On the jobs growth across the country:
“Well, first of all, last year was remarkable. We added something like over 3 million jobs. So, we’re in a really good place in terms of the improvement in the labor market that we’ve seen in the last year. I expect this year — we’d also see very good improvement in the labor market, continuing good momentum there. So, I think, you know, we still have a ways to go. Unemployment is 5.7 percent. We need to get closer to 5 percent to be at full employment. We made a lot of progress. And I think this is the year, we’re going to reach full employment by the end of the year. That’s my own forecast.”
On deflation vs. inflation:
“Well, first of all, the decline in the CPI for January, that was driven primarily by falling gasoline prices. We knew that was coming. In fact, gasoline prices are likely to rise over the next few months given what’s happening with oil prices. So, from a monetary policy perspective, it’s really important to look at the underlining trend. Core inflation is actually, you know, pretty relatively stable, so a low. When I look at broader measures of underlying inflation, they seem to have stabilized and I expect inflation trend to start moving back in the latter half of this year.”

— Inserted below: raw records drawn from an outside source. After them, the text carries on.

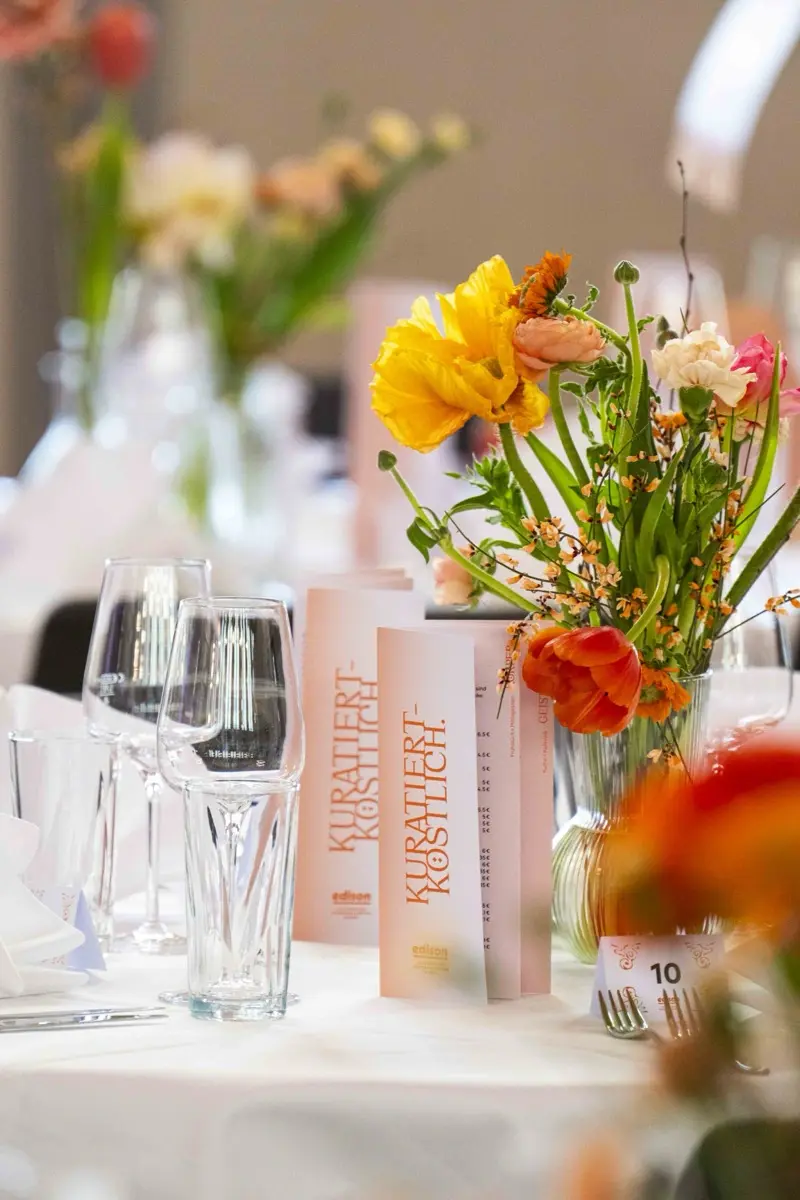 Gedeckte Tische im edison Kultursalon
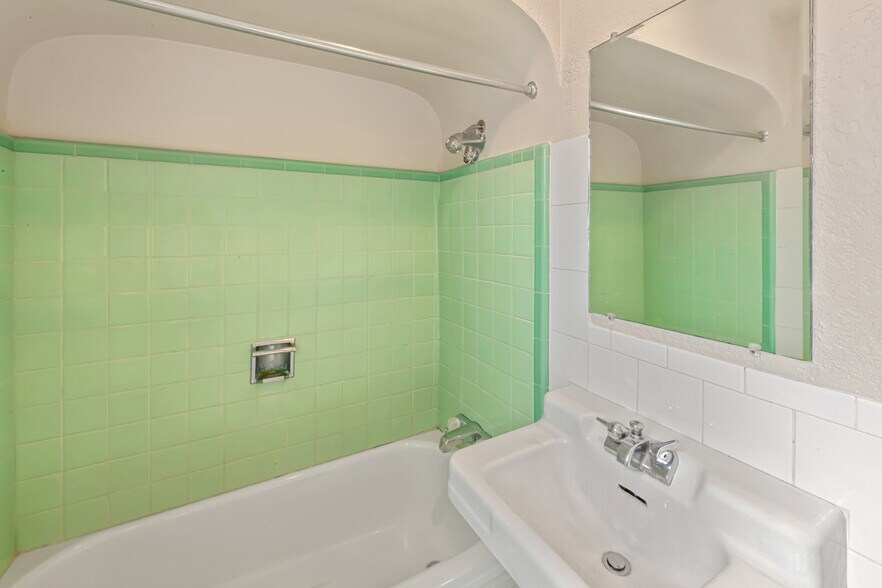 More Photos Of 1940 North Ave, Grand Junction Hotel For Sale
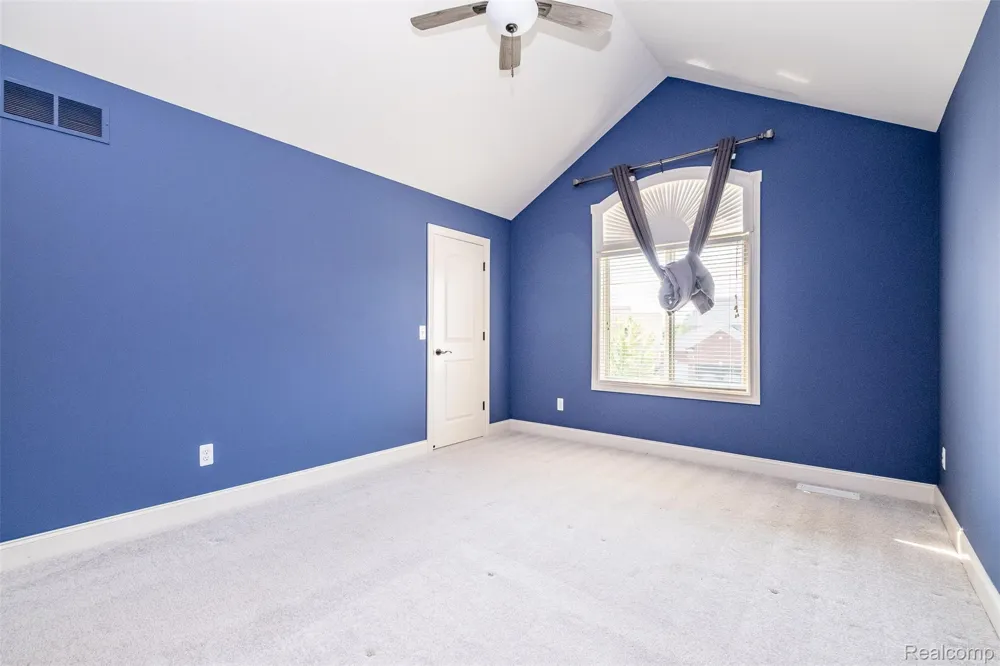 48850 Austrian Pine Drive Macomb Township, MI 48044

On where he sees the inflation trend come from:
“You know, I think commodities is a separate issue. They’ll go up and down depending on global markets. Really what I see is a labor market that is getting stronger and stronger. And historically, when the U.S. economy strengthens, unemployment comes down, we see wage growth pickup. We see pricing power, if you will, among businesses rise. And, you know, that’s the historical pattern. It’s what we’ve seen in other expansions and that’s what I expect happen over the next couple of years. My forecast is for inflation to reach about two percent on our preferred measure by the end of next year.”